### What is required
Set down the data below from its first line to the line holding "Image similar to", inclusive; omit all pictures.

(Dataset section begins)

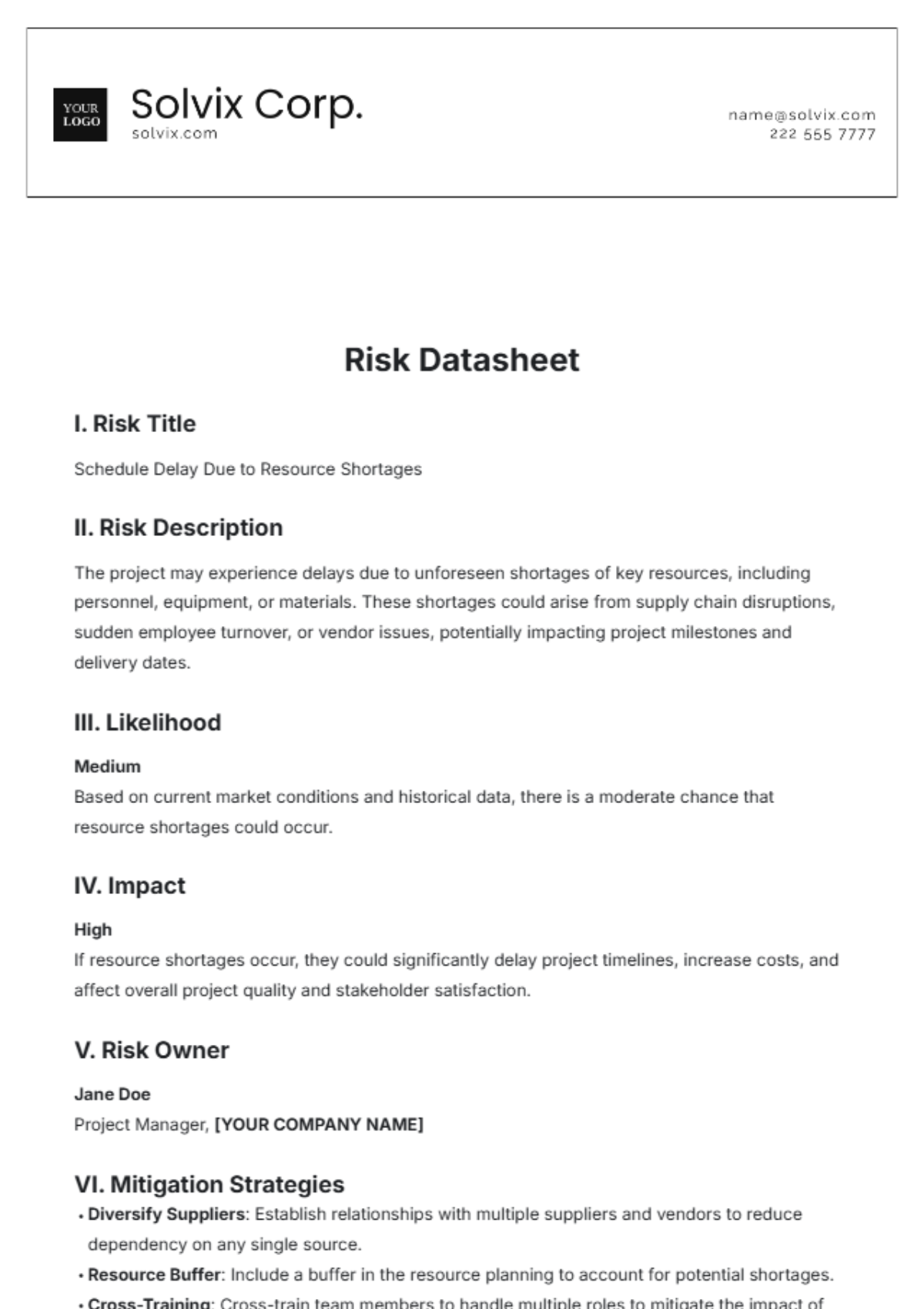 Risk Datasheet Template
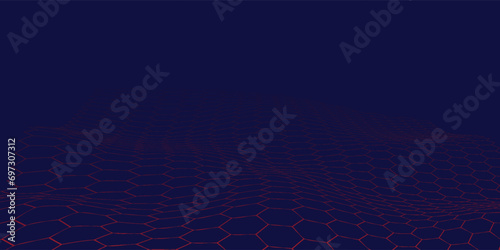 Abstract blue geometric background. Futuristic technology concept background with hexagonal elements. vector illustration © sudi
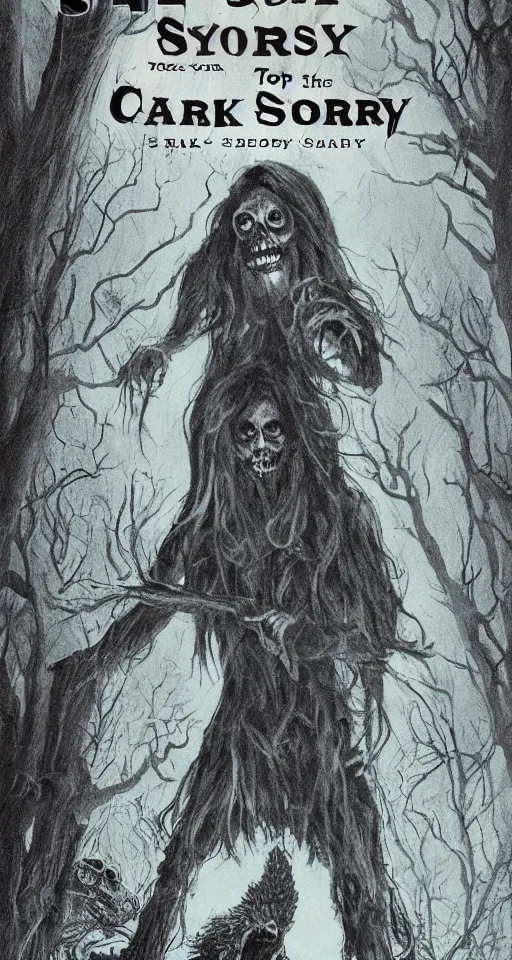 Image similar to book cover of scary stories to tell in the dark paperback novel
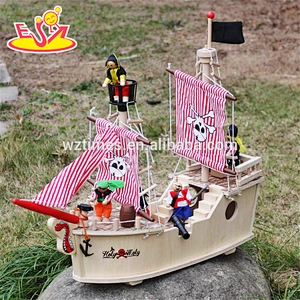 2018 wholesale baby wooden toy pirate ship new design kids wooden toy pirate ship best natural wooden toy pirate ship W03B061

(Dataset section ends)

### Problem solution
 Risk Datasheet Template
 Abstract blue geometric background. Futuristic technology concept background with hexagonal elements. vector illustration © sudi
 Image similar to book cover of scary stories to tell in the dark paperback novel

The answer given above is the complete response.